Quand c'est l'esprit de Dieu qui agit, il n'est pas nécessaire de chercher péniblement des considérations pour nous humilier et nous confondre. Le Seigneur lui même enseigne et grave au fond du cœur une humilité vraie, et bien différente de celle que nous pouvons acquérir par nos faibles réflexions. Elle porte dans l'âme une lumière incomparablement plus vive, et la pénètre d'une confusion qui la réduit au néant. Dieu lui montre, avec une souveraine évidence, que de son fonds elle ne possède aucun bien et plus les grâces dont il la favorise sont grandes, plus cette vue est claire pour elle. Il allume dans l'âme un ardent désir de faire des progrès dans l'oraison et l'affermit dans le dessein de ne jamais l'abandonner, quelles que soient les peines qui s'y rencontrent; ces peines, elle les accepte à l'avance.
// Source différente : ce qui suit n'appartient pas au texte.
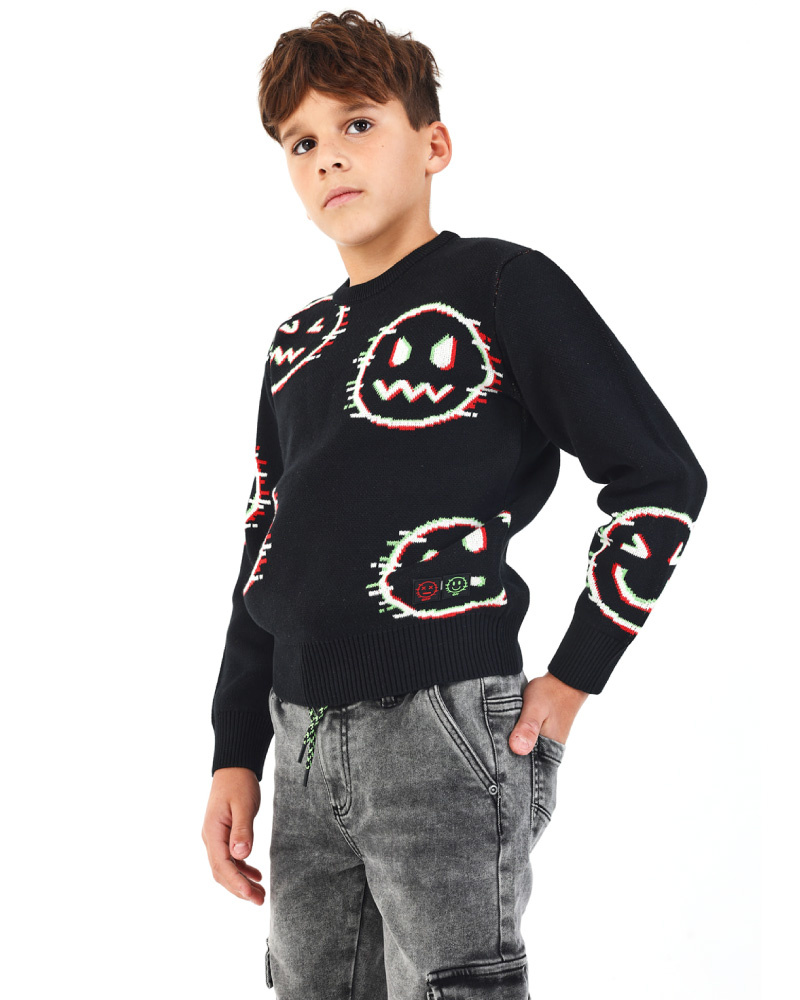 Pull tricoté avec imprimé émoticônes pour garçon collection Intergalactic Fun House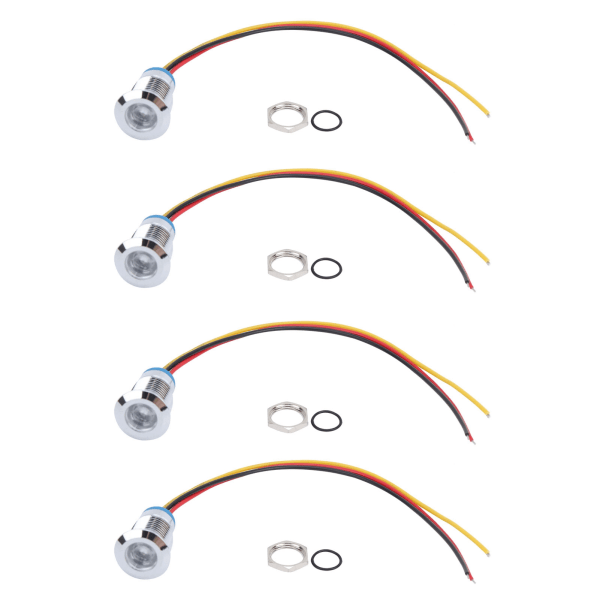 4 sett forhåndskablede runde LED-er Vanntette 2-farge-indikatorlys Common Cathod 12 mm 3-6V (rød og gul)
De plus, il lui inspire une ferme confiance de son salut, mêlée pourtant d'humilité et de crainte. Il bannit bientôt la crainte servile, et met en sa place une crainte filiale, dans un bien plus haut degré de perfection. Cette âme voit naître en elle un amour de Dieu très dégagé de tout intérêt propre, et elle soupire après les heures de la solitude pour mieux savourer les délices de cet amour…

C'est la saison où les fleurs vont paraître dans leur éclat; il ne leur manque, pour ainsi dire, qu'un souffle pour s'épanouir. Et cela, l'âme le voit d'une vue très claire; il lui est impossible, dans ces heureux moments, de douter de la présence de Dieu en elle. Si cependant elle retombe dans ses fautes et ses imperfections, alors elle s'alarme de tout, et cette crainte lui est salutaire…

Le souvenir des faveurs reçues est plus puissant pour ramener à Dieu des âmes ainsi faites, que la plus vive peinture de tous les châtiments de l'enfer. C'est du moins ce qu'éprouvait la mienne, quoiqu'elle fût si faible dans la vertu.